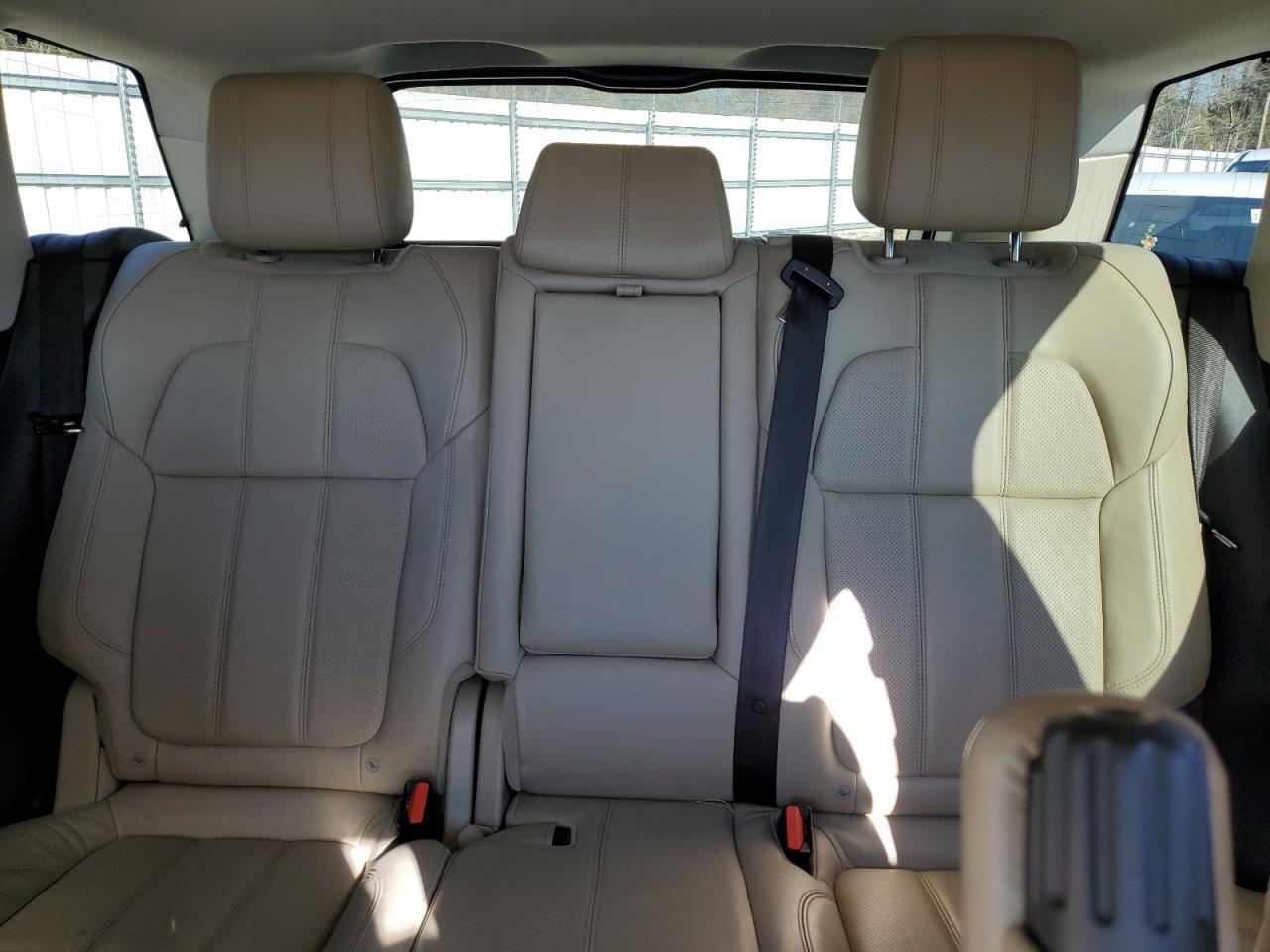 2016 Land Rover Range Rover - Image 10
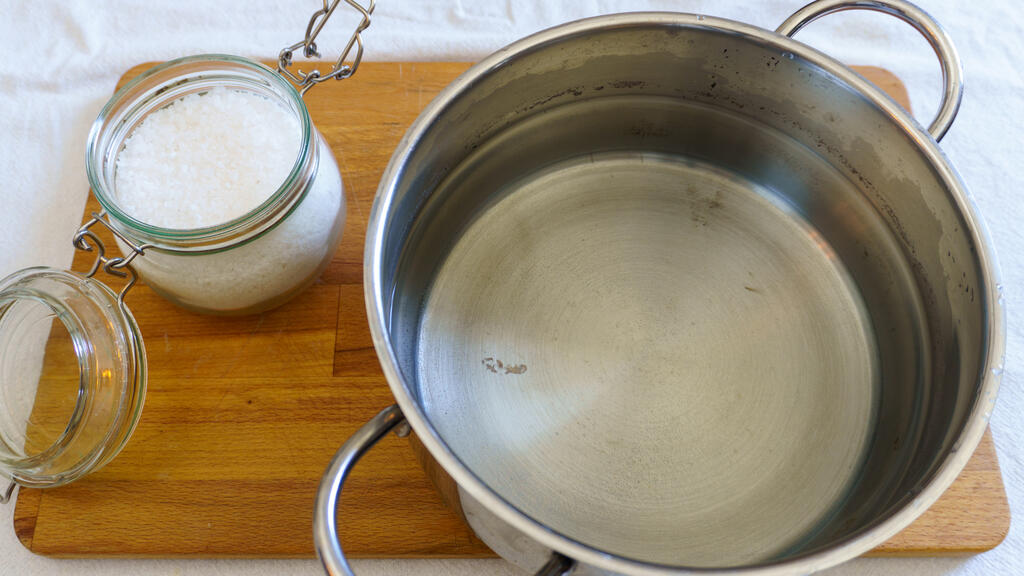 Spaghetti mit Babytintenfischen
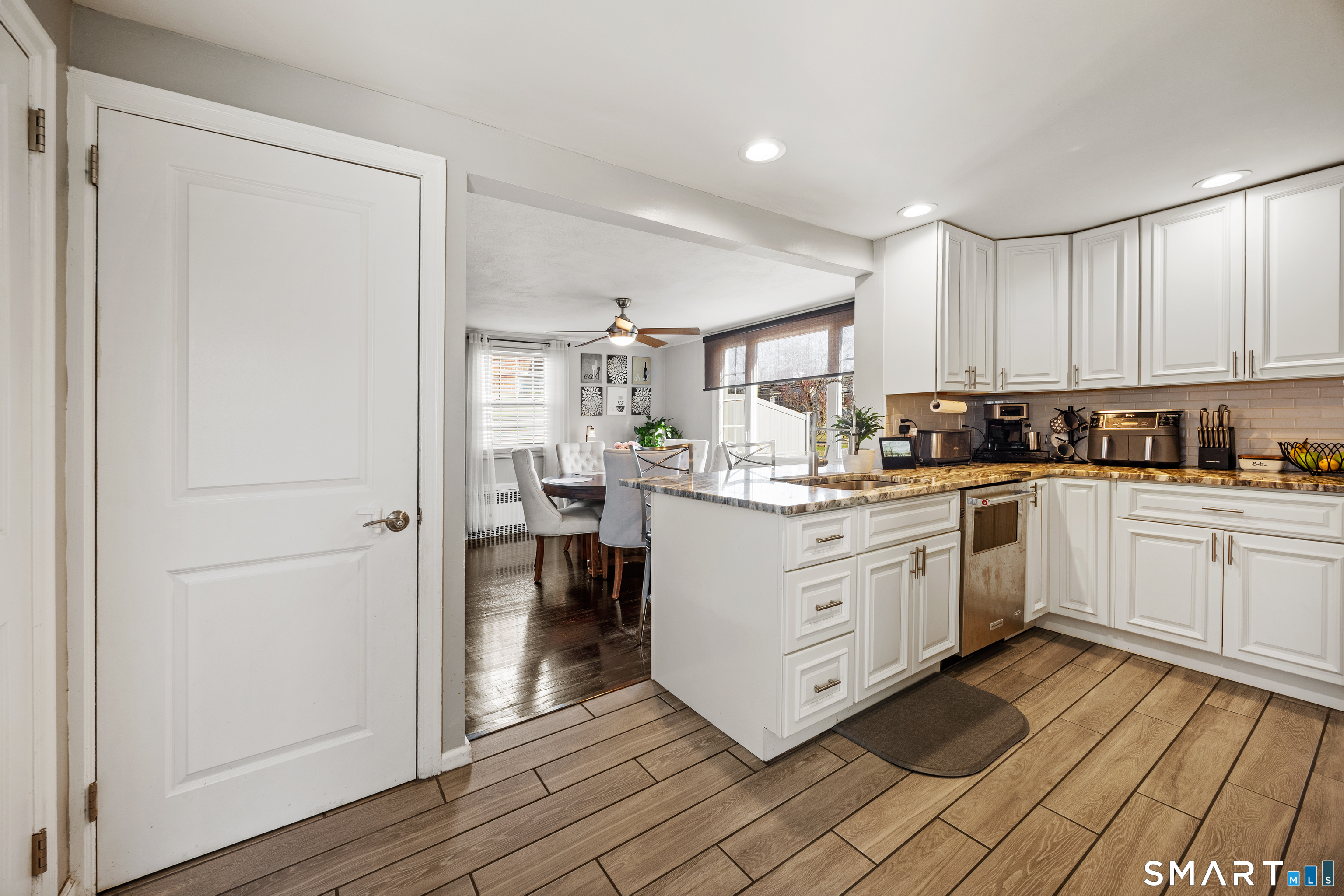 28 Woodmere Road West Hartford CT 06119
■ ■ ■ ■
**Instructions for the task:** All of the data above should be printed again exactly, though none of the pictures belong in the copy.

**Result of the task:**
 2016 Land Rover Range Rover - Image 10
 Spaghetti mit Babytintenfischen
 28 Woodmere Road West Hartford CT 06119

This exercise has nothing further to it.